What you have to do: Since the pictures are not wanted, reproduce only the rest of the records, exactly as given.

Records drawn from a dataset:
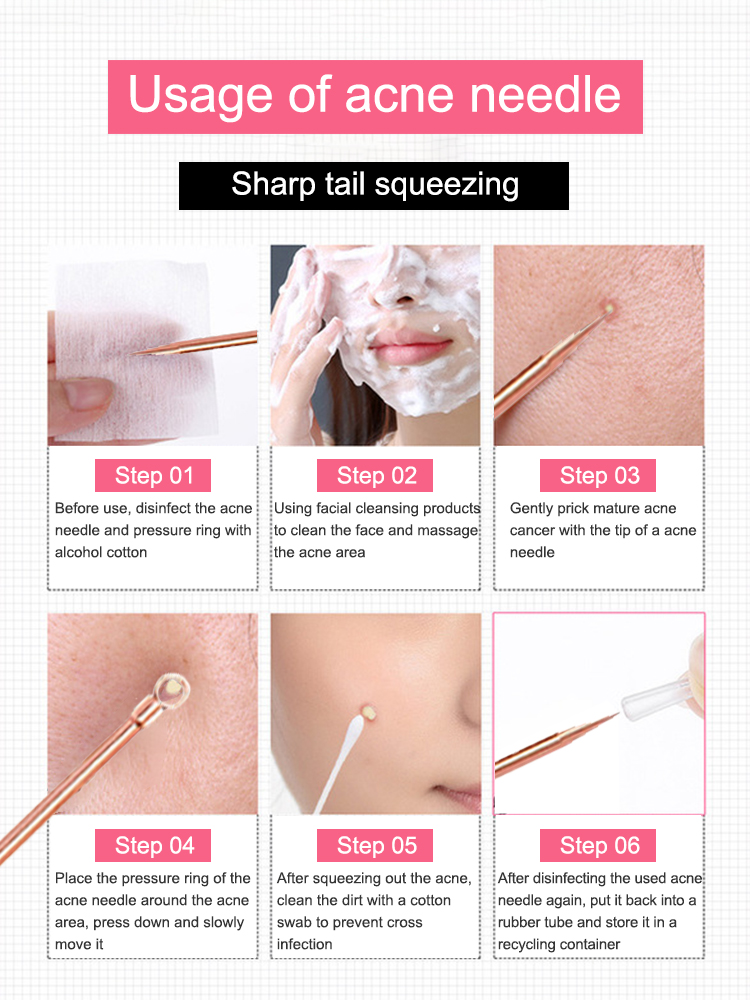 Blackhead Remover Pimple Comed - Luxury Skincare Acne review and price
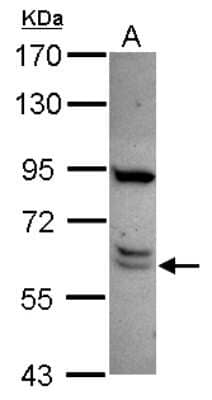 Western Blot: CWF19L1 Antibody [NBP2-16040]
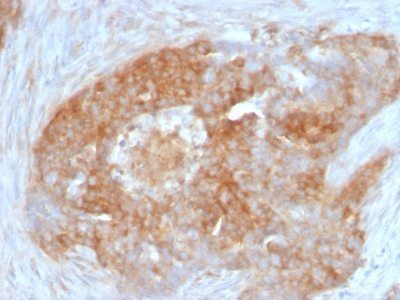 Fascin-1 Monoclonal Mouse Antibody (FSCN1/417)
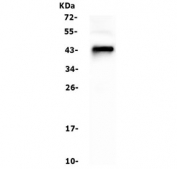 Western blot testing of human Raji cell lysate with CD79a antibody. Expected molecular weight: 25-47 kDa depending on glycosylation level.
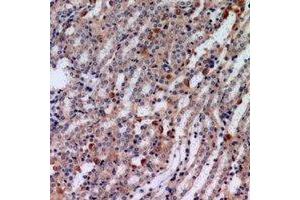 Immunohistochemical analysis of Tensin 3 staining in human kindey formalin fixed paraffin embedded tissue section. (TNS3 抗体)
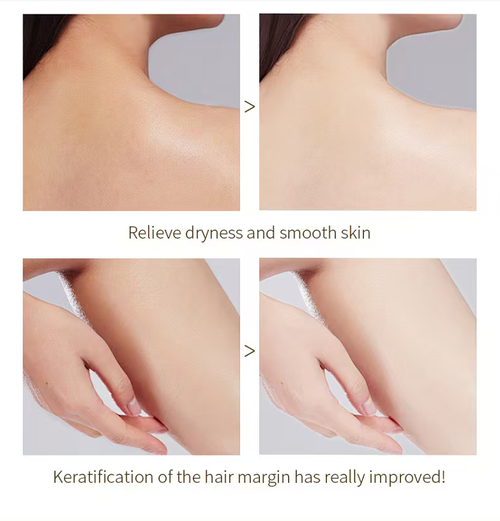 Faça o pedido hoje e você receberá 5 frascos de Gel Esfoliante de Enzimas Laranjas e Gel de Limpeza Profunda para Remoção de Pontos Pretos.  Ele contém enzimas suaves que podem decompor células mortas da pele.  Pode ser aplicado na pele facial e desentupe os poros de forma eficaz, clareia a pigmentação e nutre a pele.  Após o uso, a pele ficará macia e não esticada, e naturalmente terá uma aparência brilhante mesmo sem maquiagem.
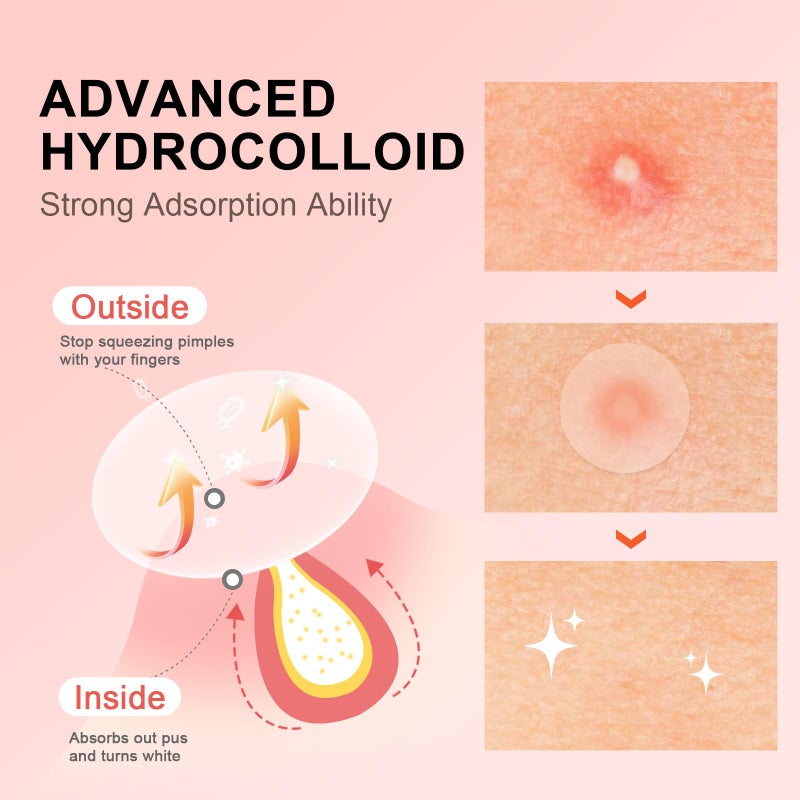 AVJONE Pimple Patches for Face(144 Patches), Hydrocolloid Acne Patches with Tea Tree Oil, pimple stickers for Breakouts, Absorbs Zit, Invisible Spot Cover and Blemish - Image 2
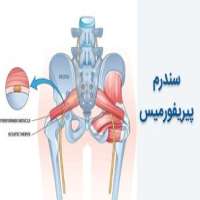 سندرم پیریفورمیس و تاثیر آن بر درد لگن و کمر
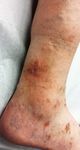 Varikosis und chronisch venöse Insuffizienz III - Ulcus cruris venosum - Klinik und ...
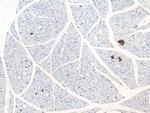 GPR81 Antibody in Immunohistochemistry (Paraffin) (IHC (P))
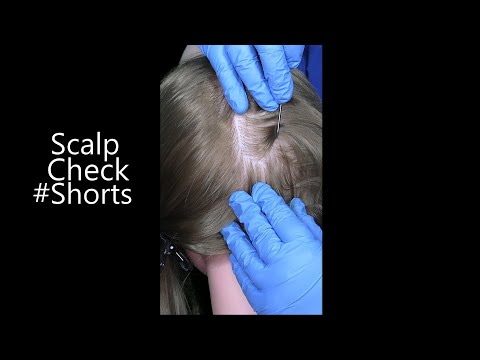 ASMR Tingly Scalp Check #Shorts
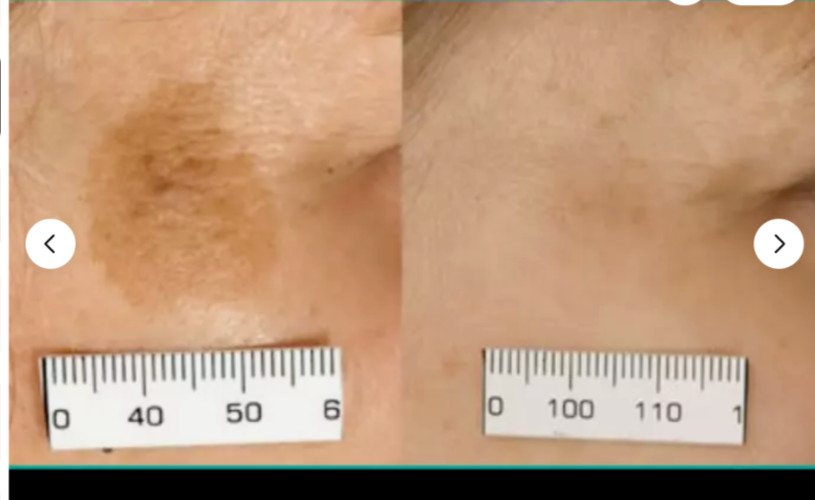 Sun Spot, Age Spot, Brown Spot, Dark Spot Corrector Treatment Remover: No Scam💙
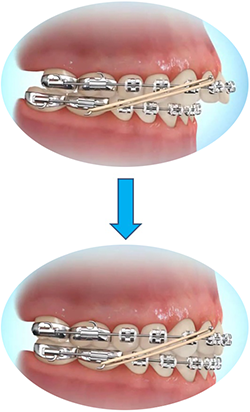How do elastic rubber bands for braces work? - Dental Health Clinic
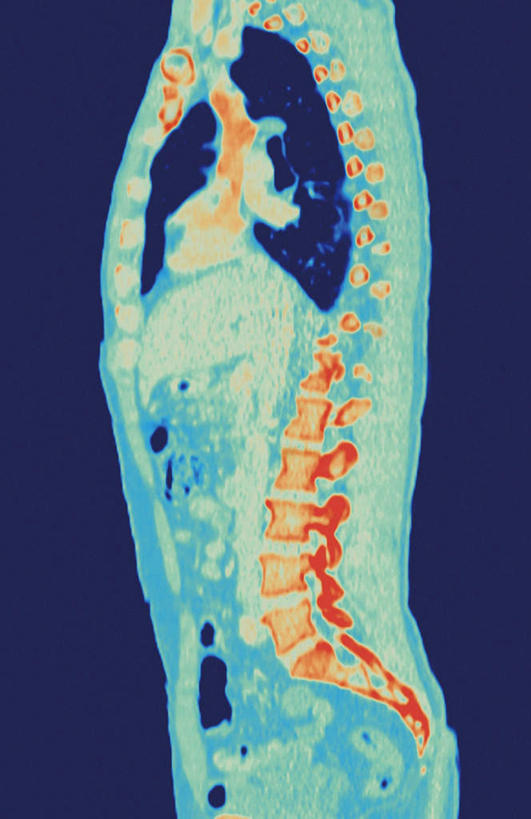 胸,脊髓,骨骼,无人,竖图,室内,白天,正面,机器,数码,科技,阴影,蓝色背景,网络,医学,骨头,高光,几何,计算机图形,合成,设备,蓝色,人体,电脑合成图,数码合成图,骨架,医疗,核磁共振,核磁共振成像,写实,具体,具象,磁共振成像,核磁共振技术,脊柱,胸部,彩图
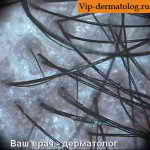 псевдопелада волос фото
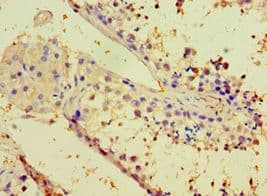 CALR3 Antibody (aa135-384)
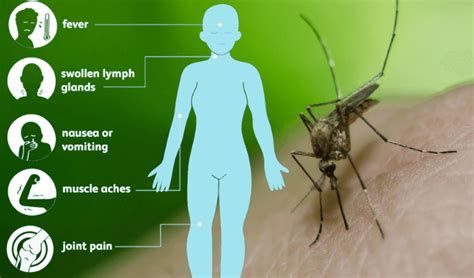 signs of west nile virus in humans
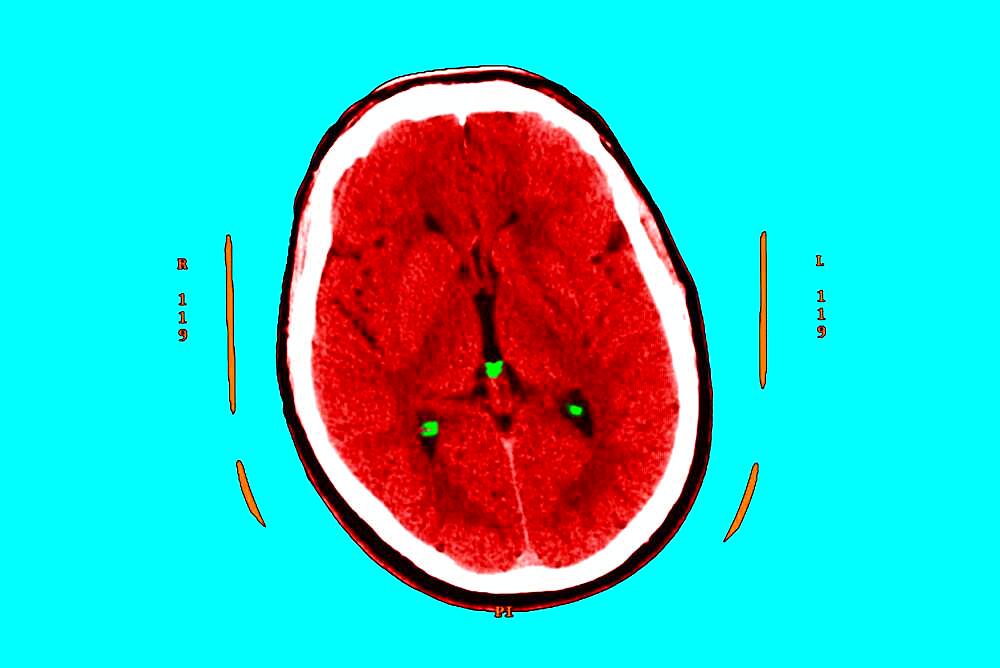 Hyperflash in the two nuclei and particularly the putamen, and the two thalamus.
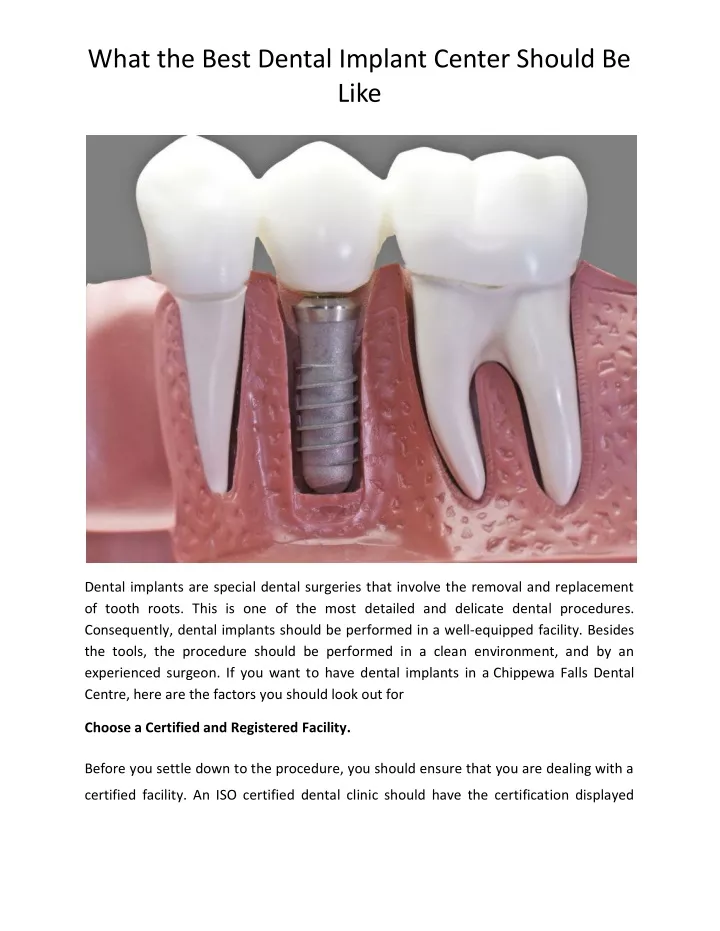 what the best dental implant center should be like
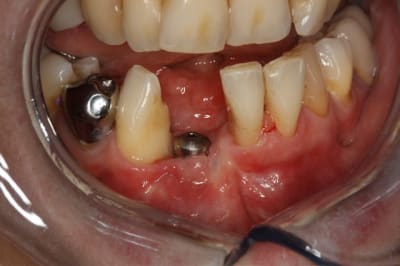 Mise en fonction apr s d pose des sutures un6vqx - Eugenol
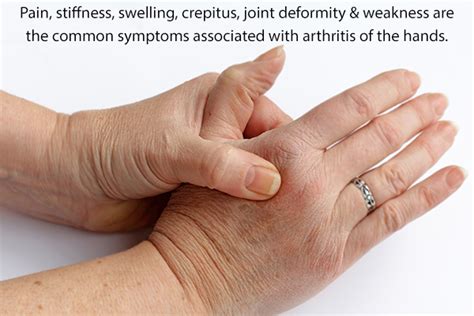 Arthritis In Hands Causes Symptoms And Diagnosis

Response below:
 Blackhead Remover Pimple Comed - Luxury Skincare Acne review and price
 Western Blot: CWF19L1 Antibody [NBP2-16040]
 Fascin-1 Monoclonal Mouse Antibody (FSCN1/417)
 Western blot testing of human Raji cell lysate with CD79a antibody. Expected molecular weight: 25-47 kDa depending on glycosylation level.
 Immunohistochemical analysis of Tensin 3 staining in human kindey formalin fixed paraffin embedded tissue section. (TNS3 抗体)
 Faça o pedido hoje e você receberá 5 frascos de Gel Esfoliante de Enzimas Laranjas e Gel de Limpeza Profunda para Remoção de Pontos Pretos.  Ele contém enzimas suaves que podem decompor células mortas da pele.  Pode ser aplicado na pele facial e desentupe os poros de forma eficaz, clareia a pigmentação e nutre a pele.  Após o uso, a pele ficará macia e não esticada, e naturalmente terá uma aparência brilhante mesmo sem maquiagem.
 AVJONE Pimple Patches for Face(144 Patches), Hydrocolloid Acne Patches with Tea Tree Oil, pimple stickers for Breakouts, Absorbs Zit, Invisible Spot Cover and Blemish - Image 2
 سندرم پیریفورمیس و تاثیر آن بر درد لگن و کمر
 Varikosis und chronisch venöse Insuffizienz III - Ulcus cruris venosum - Klinik und ...
 GPR81 Antibody in Immunohistochemistry (Paraffin) (IHC (P))
 ASMR Tingly Scalp Check #Shorts
 Sun Spot, Age Spot, Brown Spot, Dark Spot Corrector Treatment Remover: No Scam💙
How do elastic rubber bands for braces work? - Dental Health Clinic
 胸,脊髓,骨骼,无人,竖图,室内,白天,正面,机器,数码,科技,阴影,蓝色背景,网络,医学,骨头,高光,几何,计算机图形,合成,设备,蓝色,人体,电脑合成图,数码合成图,骨架,医疗,核磁共振,核磁共振成像,写实,具体,具象,磁共振成像,核磁共振技术,脊柱,胸部,彩图
 псевдопелада волос фото
 CALR3 Antibody (aa135-384)
 signs of west nile virus in humans
 Hyperflash in the two nuclei and particularly the putamen, and the two thalamus.
 what the best dental implant center should be like
 Mise en fonction apr s d pose des sutures un6vqx - Eugenol
 Arthritis In Hands Causes Symptoms And Diagnosis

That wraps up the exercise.